THE TASK >>
Only what runs from the line with "Full Size Image = 5056 K" to the end of the data should appear in the answer, exactly as written and without pictures.

Web page caption snippets:
============
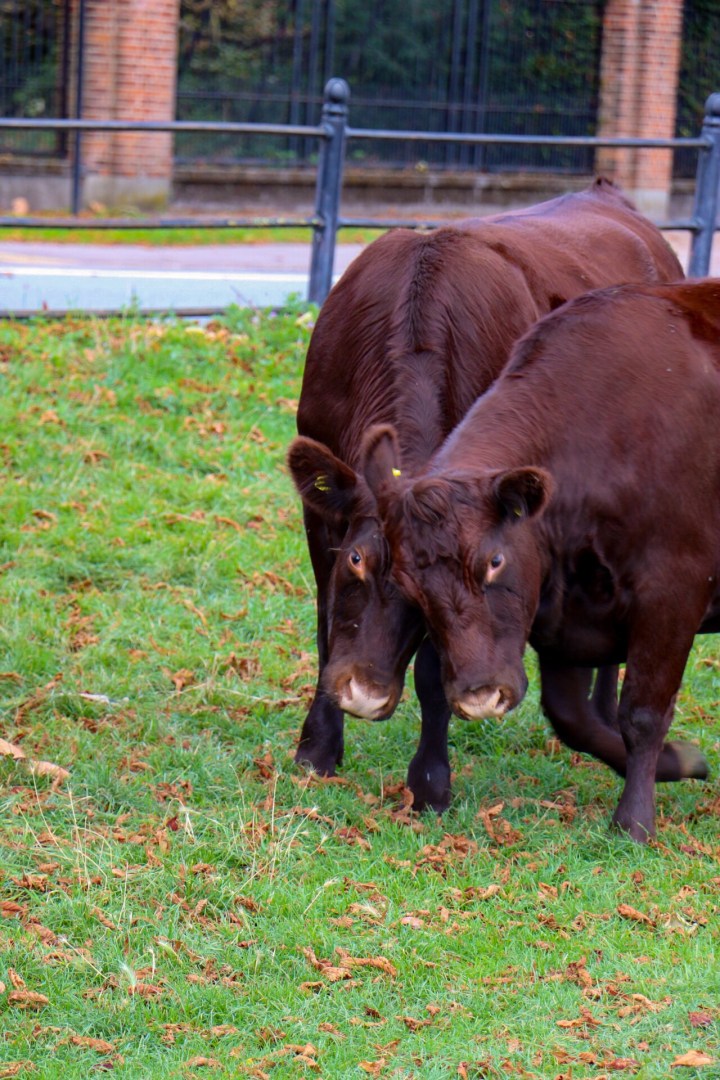 4B2D9C4B-A0F6-4022-AF7F-CBB750F00782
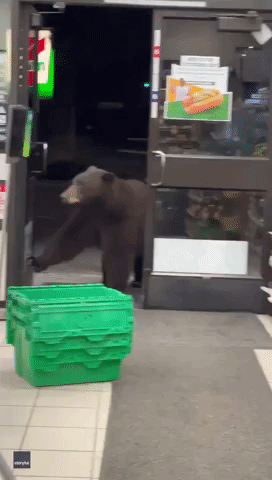 Persistent Bear Nearly Squirted With Hand Sanitizer at Northern California 7-Eleven Store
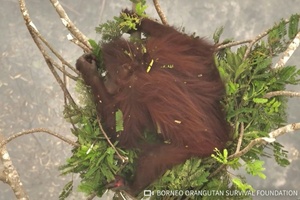 An Baumspitzen geklammert: Orang-Utans vor Waldbränden in Indonesien gerettet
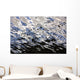 Water Reflections Wall Mural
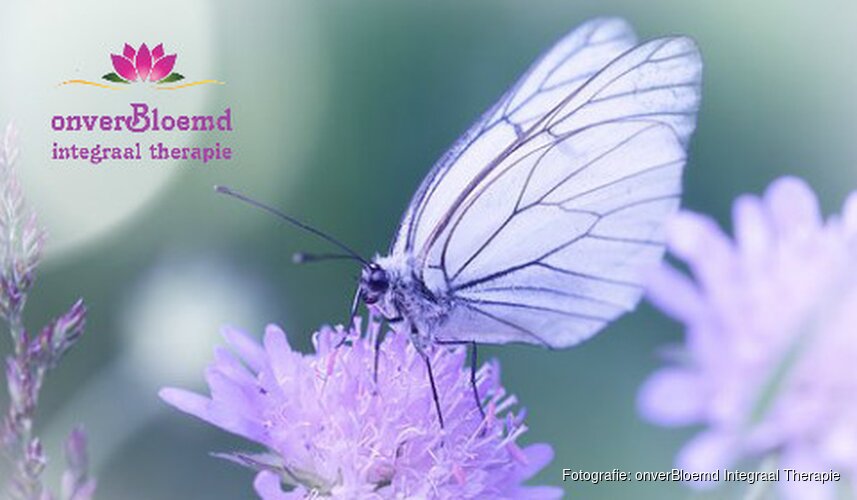 Welke ''Ik'' heeft het bij jou voor het zeggen?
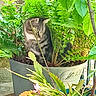 cat, tabby, plant_pot, fern, greenery, leaf, flower, outdoor, nature, pet, animal, hiding, shy, feline, garden, potted_plant, closeup, curious, sitting, foliage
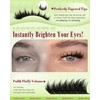 Fluff Cat Eye Lash Clusters Spikes Pre Mapped Eyelash Clusters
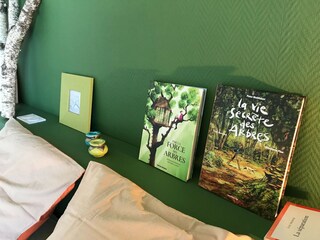 Type de propriété : Chalet Sousceyrac Équipement 24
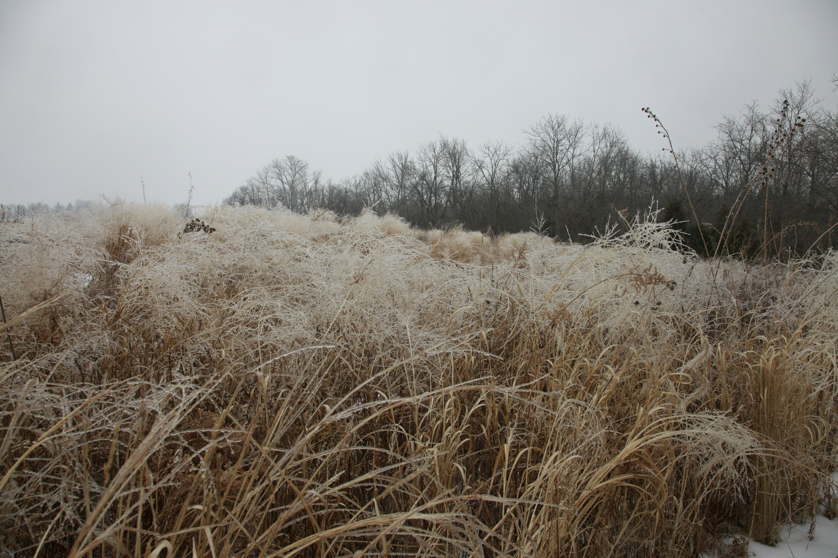 Full Size Image = 5056 K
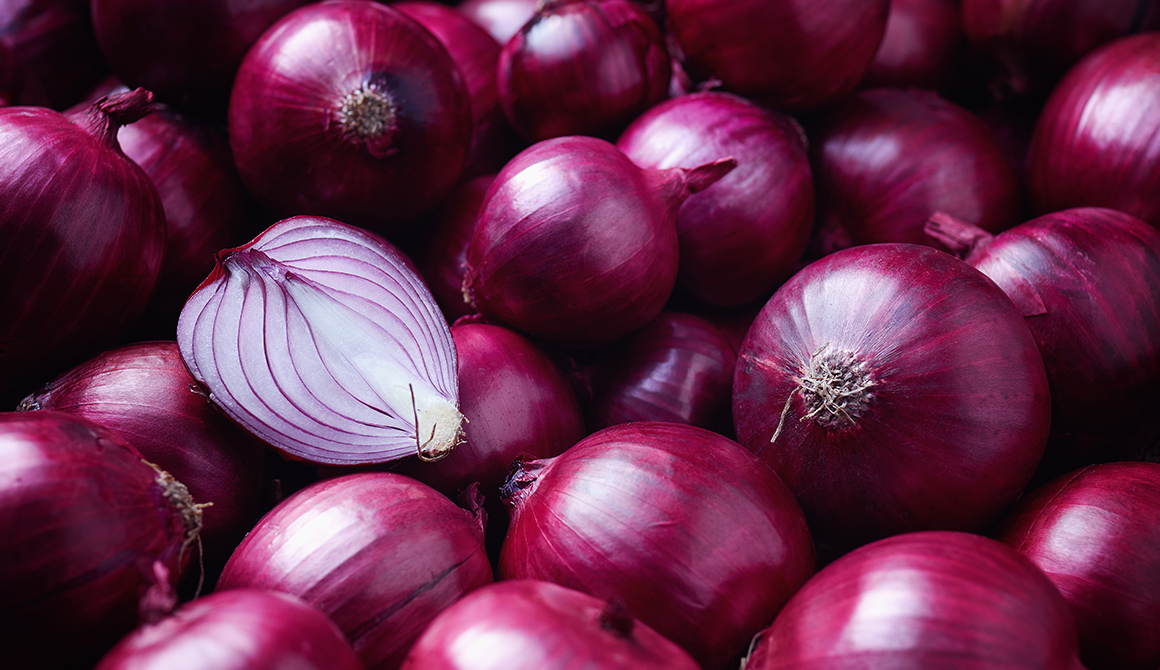 Signification du Pourpre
============
OUTPUT FOR THIS TASK >>
 Full Size Image = 5056 K
 Signification du Pourpre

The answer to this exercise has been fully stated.